Doctor Dolittle's Puddleby Adventures
- 1952 book club edition ("Expertly Selected and Edited by Weekly Reader Book Club")
- Author: Hugh Lofting
- Language: English
- Series: Doctor Dolittle
- Genre: Animal fantasy, short story collection
- Publisher: J. B. Lippincott & Co.
- Publication date: 1952
- Publication place: United Kingdom
- Media type: Print (hardcover)
- Preceded by: Doctor Dolittle and the Green Canary

= Doctor Dolittle's Puddleby Adventures =

Final work of Doctor Dolittle Books short stories, the author was Hugh Lofting

Doctor Dolittle's Puddleby Adventures is a collection of short stories written and illustrated by Hugh Lofting, published posthumously as twelfth and last in the Doctor Dolittle series of children's fiction. The stories and illustrations were distributed during the 1920s by the Herald Tribune Syndicate and all may have been published in the New York Herald Tribune newspaper, among others. The 1952 collection was their first appearance in book form.

The first edition contained introductory items by his widow and sister-in-law and eight Doctor Dolittle stories by Hugh Lofting:
- "Foreword" by Josephine Lofting
- "Doctor Dolittle and His Family" by Olga Fricker
- "The Sea Dog" (†)
- "Dapple"
- "The Dog Ambulance"
- "The Stunned Man"
- "The Crested Screamers"
- "The Green Breasted Martins"
- "The Story of the Maggot" (†)
- "The Lost Boy"
The contemporary book club edition omitted two of the longer stories (†) and there have been later editions of six rather than eight stories, without explanation.

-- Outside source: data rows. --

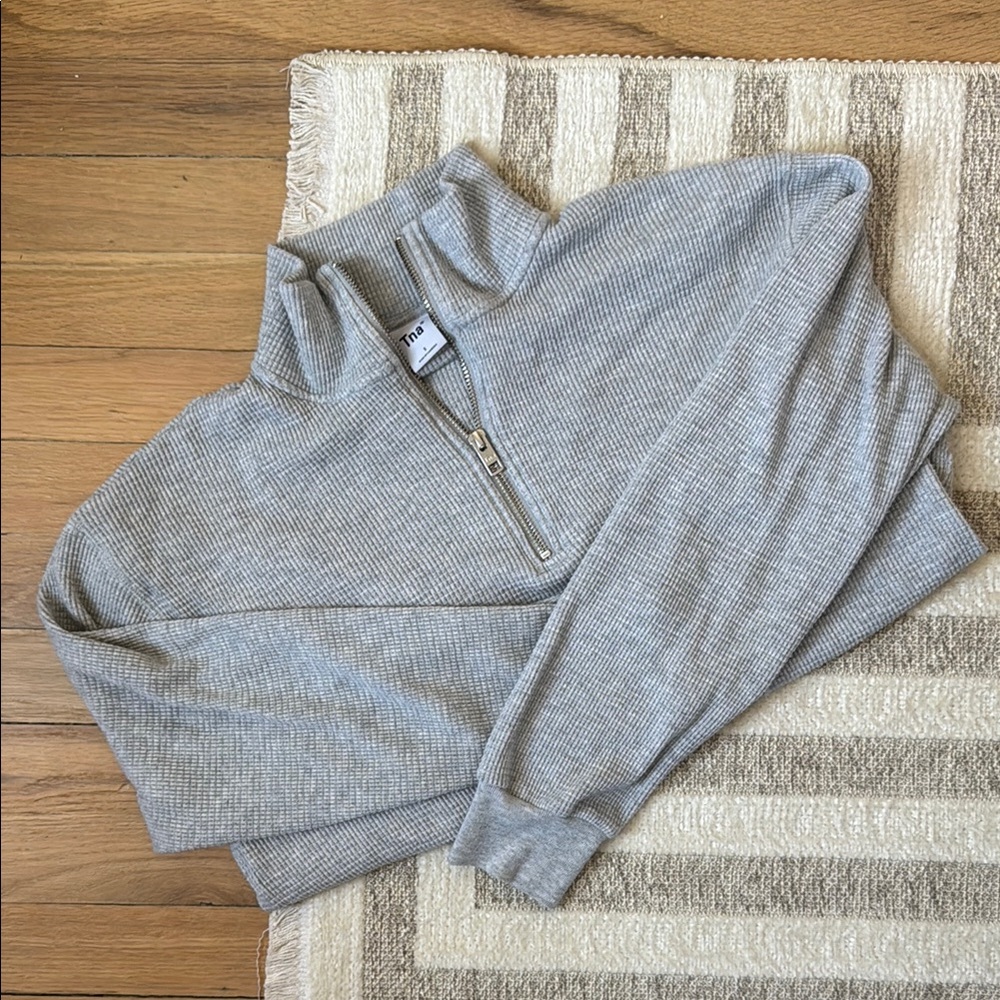 Aritzia Gray Half-Zip Waffle Pullover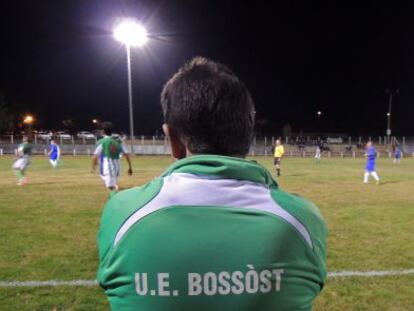 L'entrenador del Bossòst segueix l'evolució del partit.
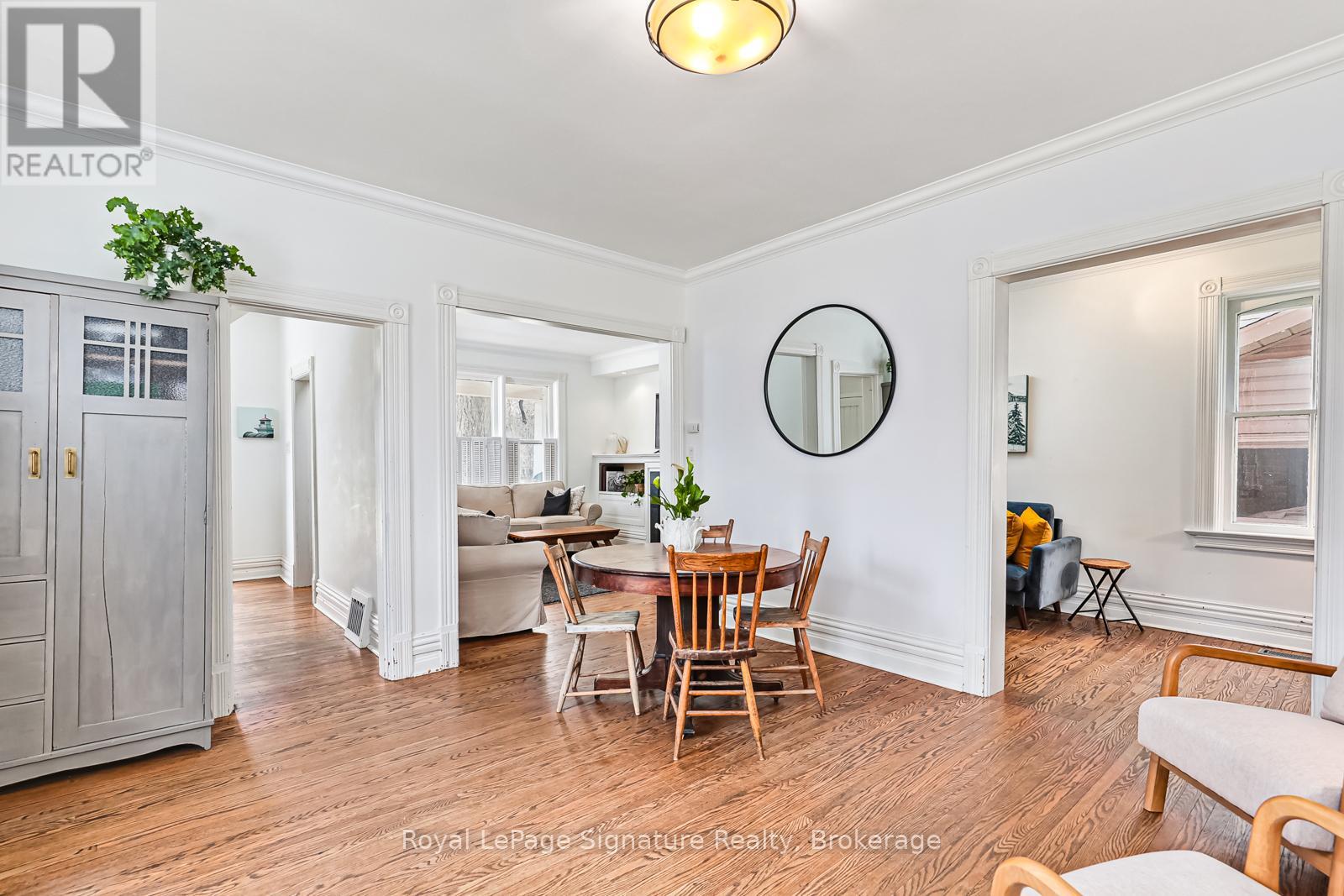 155 Clark Street, Blue Mountains, Ontario  N0H 1J0 - Photo 5 - X13089898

Separately, some editions omit the Foreword. In the Foreword, Lofting's widow Josephine Fricker Lofting named her collaborator "my sister, Olga Michael", as she had done in the Foreword to its predecessor, the novel Doctor Dolittle and the Green Canary (1950), which Olga Fricker Michael completed after Hugh Lofting's death.

The first four stories may be read at the beginning of the 1927 novel Doctor Dolittle's Garden. "The Green Breasted Martins" follows Chapter XII in The Story of Doctor Dolittle (1920). "The Crested Screamers" and "The Lost Boy" are to be placed in that order within Part One, Chapter 12 of the 1926 book Doctor Dolittle's Caravan. "The Story of the Maggot" is given a greatly reduced summary at the conclusion to early printings of Part Two, Chapter 4 of Doctor Dolittle's Garden.